カリモク家具」と聞いて、多くの方は「こだわりが詰まったハイエンドな家具メーカー」という印象を持たれるでしょう。

実際、「カリモク」は日本を代表する家具ブランドであり、手仕事に宿る職人の感性を大切にしながらも、大規模な量産体制を確立しています。

この「職人技と量産の両立」は、家具業界において極めて稀有な存在です。

創業から80年以上にわたり、日本の家庭に寄り添う家具を届けてきた同社は、いまや国内外で高い評価を得ています。

一方で、今回インタビュアーを務めさせていただく私たち大谷塗料は、創業89年の木工塗料の専門メーカーです。

弊社は数十年来にわたり、全国の家具・建材メーカー数百社に向けて塗料を提案・納入し続けてきました。

その目から見ても、カリモクの「塗装」に対するこだわりは群を抜いています。

しかし、家具の代表的な工程である木工や布地張りと違い、塗装に関してはあまり語られる場がありませんでした。

家具の美しさや耐久性を決定づける大切な要素であるにもかかわらず、工程としての知名度の低さから表に出る機会が少なかったのです。

そこで私たちは「このこだわりを世に伝えなければもったいない」と考え、今回「岐阜カリモク」へ伺い、インタビューを行いました。

岐阜カリモク工場内 椅子木工工程

まずはじめに、そもそも家具の塗装は何のために行われているのでしょうか?

カリモク(青井様):塗装は単に家具に色をつけるだけではなく、木材の美しさを引き出し、それを長持ちさせるために欠かせない工程です。

木材そのものの温かみや木目を活かしながら、暮らしの中での汚れや摩耗、湿気や光による劣化から家具を守る役割を果たしています。

購買部取締役部長の青井様。
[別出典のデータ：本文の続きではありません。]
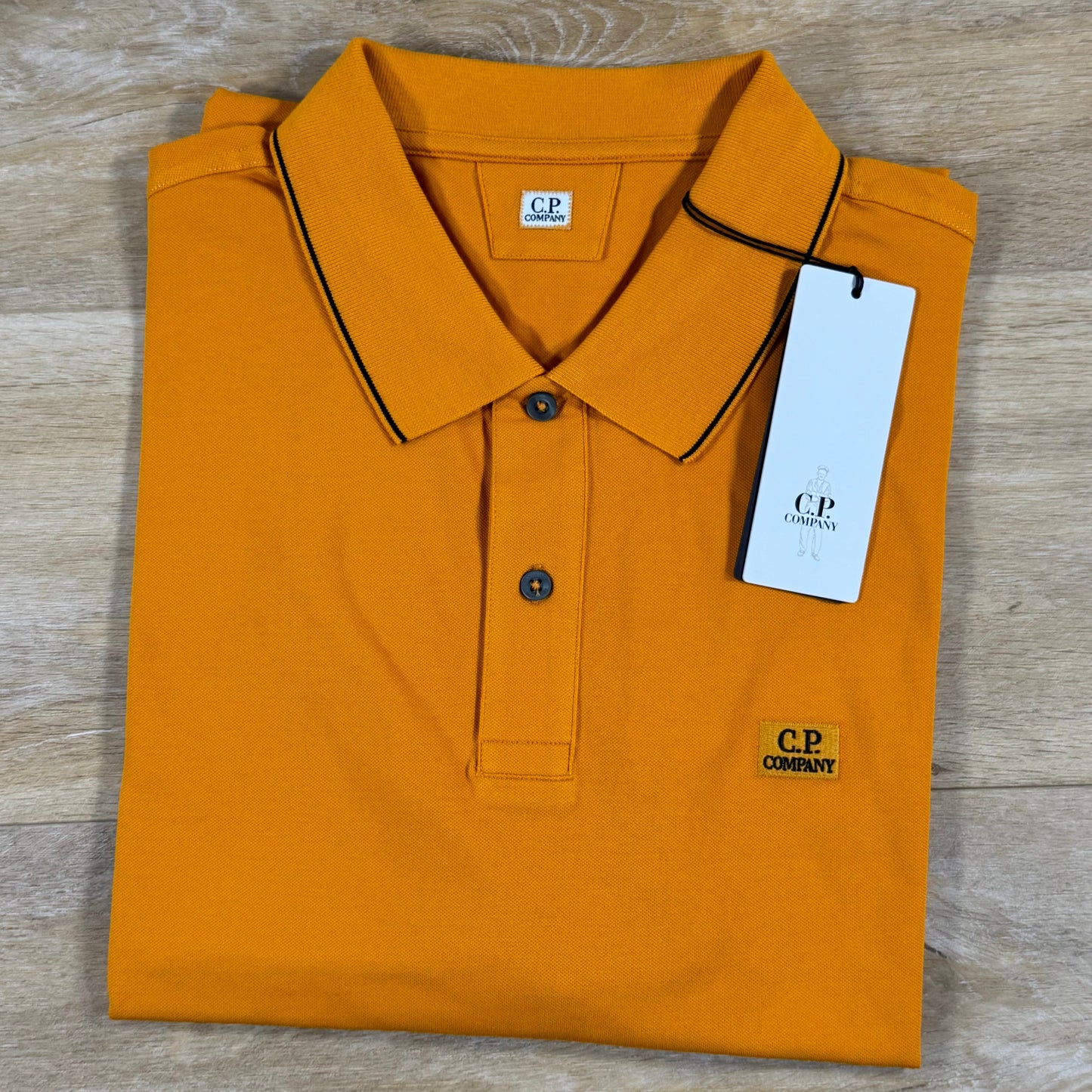 C.P. Company Stretch Piquet Striped Collar Polo Shirt in Desert Sun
塗料を含めたすべての資材購入の最終決定を担当する。

具体的に、カリモクが塗装についてこだわっている点はどこですか?

カリモク(青井様):私たちが特に重視しているのは「質感・艶」「色」「物性」の3つです。

質感・艶へのこだわり

カリモク(青井様):木材の持つ魅力を最大限に引き出すため、質感と艶の調整には特にこだわっています。

例えばウォールナット材では、「無塗装感」イメージした仕上げをメインに採用しています。
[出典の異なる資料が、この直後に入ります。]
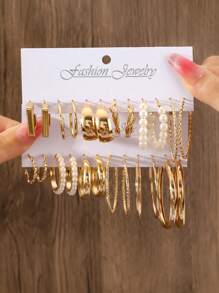 12pairs Classic Geometric C-Shape Hoop Earrings For Women, Holiday Couples & Girls Jewelry Gift - Gold - View 8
一見すると塗装していないように見えますが、実際には特殊な塗料と技法を駆使し、自然な木質感を残しながら表面を保護しています。

塗膜の厚さや透け感を調整し、見た目だけでなく素手で触れたときに感じる肌触りまで、デザインの一部として追及しています。

ナラ材やブナ材など、木材の種類が変われば塗装レシピも変えて、それぞれの個性を際立たせるアプローチを取っています。

「カリモク60」 ダイニングテーブル1500

かつて、家具塗装は艶有り仕上げが主流でしたが、近年は自然志向やミニマルデザインの影響で、何も塗っていないような仕上げが流行していますよね。
貴社も「無塗装感」については特にこだわられていると伺いました。

カリモク(青井様):市場の声に応えるため、当社では4分消し、7分消し、10分消し(一般的に言われる「艶無し」)を超え、極限までマットな「20分消し」仕上げを実現しています。

最近の製品では「CANTINETTAシリーズ」の「コットンナチュラル」色が好例です。

CANTINETTA Table/ CANTINETTA Chair 「コットンナチュラル」色

カリモク(青井様):これは、ソープ仕上げ※風の柔らかな風合いを持ちながら、後述する独自の厳しい性能試験をクリアした特別な仕様です。

一般的に「木材の風合いを生かす」ためにはオイル仕上やソープ仕上げが採用されがちなのですが、それらの仕様は傷や汚れがつきやすい弱点があります。

「ブナ材の風合いをそのまま残したい」「それを長い期間お客様に楽しんでいただきたい」という一見矛盾するデザイナーのこだわりを実現すべく、膨大なトライアンドエラーを重ねた末に生まれました。

光の当たり方や角度による見え方の違いまで計算し、日常の中で自然な美しさを「長期間」楽しんでいただける仕上げを追求しています。

木材の風合いを生かすことへの追求にとどまらず、家具として末長く使っていただくことにまでこだわられているのですね。

※ソープ仕上げとは…石鹸水を家具に塗布し、石鹸の油分が木肌に残ることで木を保護する塗装法です。オイル仕上げよりもさらに無塗装のようなサラリとした肌触りに仕上がります。ナチュラルな見た目になる一方で、ウレタン塗装のように保護塗膜は付けない分、傷や汚れが比較的つきやすいという弱点があります。

色へのこだわり

「domani」リビングテーブル TSA420XR

カリモク最高峰ブランドの「domani」では、13〜14もの塗装工程を行っていると耳にしました。
これは一般的な家具塗装工程の2倍以上という途方もない工程数です。
何のためにそこまで手をかけているのですか?

カリモク(青井様):「深みがある色」を表現するためです。

一脚の椅子や一台のテーブルであっても、光の反射や角度によって異なる表情を見せることがあります。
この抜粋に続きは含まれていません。